I use a stock screener for investing purposes. When I'm trying to filter stocks, I can use a factor like Price-to-Book (share price divided by book value per share), Price-to-Sales, etc to rank stocks and get the Top Decile.
I want to combine several factors with an equal weight, and for this I need to normalise these factors to values between 0-1. Why? If I did not normalise it, averaging a Price-to-Book Value of 12 (in a sample ranging from 12-16) with a Price-to-Sales of 3 (in a sample ranging from 1 to 4) would obviously hugely skew the average because the Price-to-book would lift the average enormously despite being at the lower end of the sample, while the Price-to-Sales would reduce it despite being at the higher end of the spectrum.
How do I currently normalise?

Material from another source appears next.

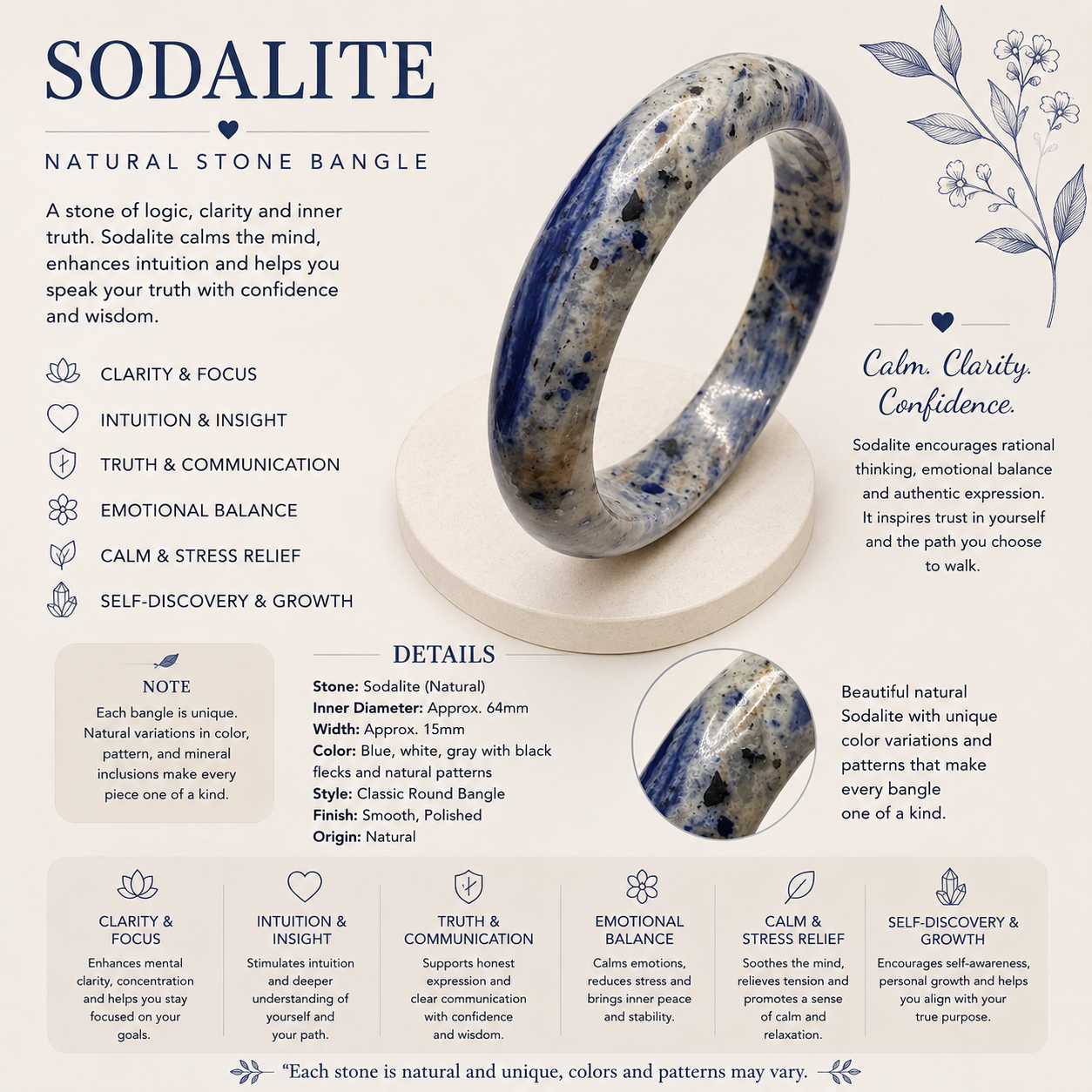 Sodalite Hard Bangle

If I want to normalise Price-to-Book (PB), I calculate, for every stock:
("PB of current stock" - minimum PB of sample) / ( max of sample - min of sample )
The minimum and maximum values of the sample need to be looked up manually by me in the dataset right before normalising, because they will be different in a month (stock's fundamentals change all the time) and for every calculation I can only access the characteristics of the current stock being looked at, I cannot ask for the average of the dataset or the min / max programmatically. So to properly normalise the data, I have to look up the minimum and maximum values every time I want to normalise.
How can I use a future-proof normalisation process where I do not need to lookup the max and min constants manually every time for every factor? Is there a mathematical way to do so? Or a smarter way of normalising the data without the need for a min / max constant?